7 aprile 2016 - Lo scorso primo aprile si è corsa l'annuale Maratona di Betlemme. Vi proponiamo qui sotto una testimonianza di questa splendida giornata.
Nonostante fossero solo le 6 di mattina e le precedenti giornate sono state abbastanza fresche, sento già un piccolo tepore attorno a me. Anche il mio corpo è già caldo e probabilmente è solo l’eccitazione per la giornata che sarà! Oggi infatti si correrà la Maratona di Betlemme, un evento sportivo volto a dare risonanza alla situazione della Palestina, che al momento è una nazione riconosciuta solo sulla carta, composta da un arcipelago di città arabe circondate da un muro di oltre 8 metri ed accerchiate dalle colonie e dalle installazioni militari israeliane e la cui capitale si trova sotto occupazione dall’alba dei tempi, con l’ultimo avvicendamento di potenza straniera avvenuto nel ’67.

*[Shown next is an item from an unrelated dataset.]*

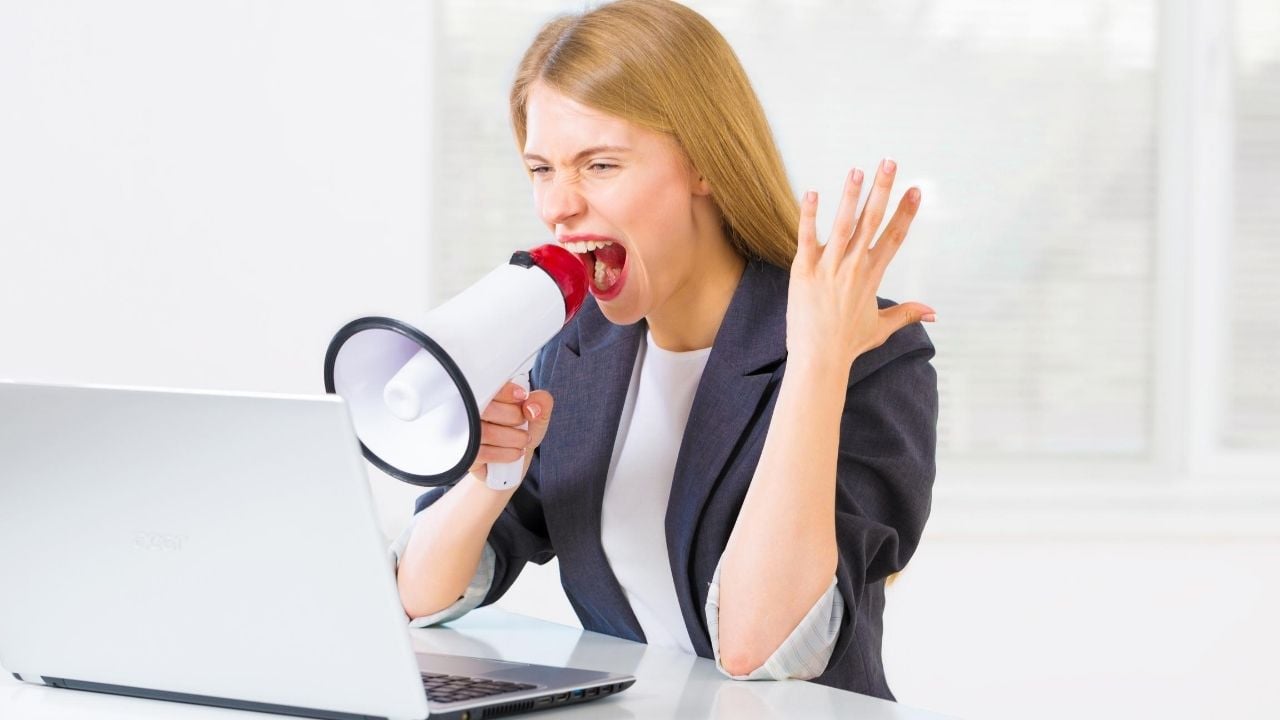 woman using loudspeaker laptop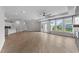 Expansive living area with multiple windows, patio access, and an open floor plan with view to the kitchen at 1319 Richfield Oaks Dr, Fuquay Varina, NC 27526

Quasi 4400 persone si sono riunite sotto l’egida della rivendicazione del diritto allo spostamento, il “Right to Movement”, così come è definito dall’Articolo 13 della Carta dei Diritti dell’Uomo adottata dalle Nazioni Unite. Mentre oltre il 45% erano donne, con abiti che variavano dalla copertura da capo a piedi lasciante liberi solo occhi e mani ad abiti che scoprivano spalle e cosce, il clima festoso ha favorito oltre alla partecipazione di vari atleti anche quella di bambini e famiglie.
Il momento che più mi ha divertito è stato quando, all’ingresso del campo profughi di Aida, che si trova ormai inglobato nella municipalità di Betlemme, un pastore con la classica kefiah ha transitato per una delle piccole stradine con il suo gregge di pecore mentre la mandria di persone ancora compatta di persone gli è corsa incontro. L’ho vissuto come lo scontro di civiltà che più mi piace e che si è risolto con tanti sorrisi qualche battuta ed il viso teso del pastore timoroso che lo spavento avrebbe portato le bestie a produrre meno latte del solito!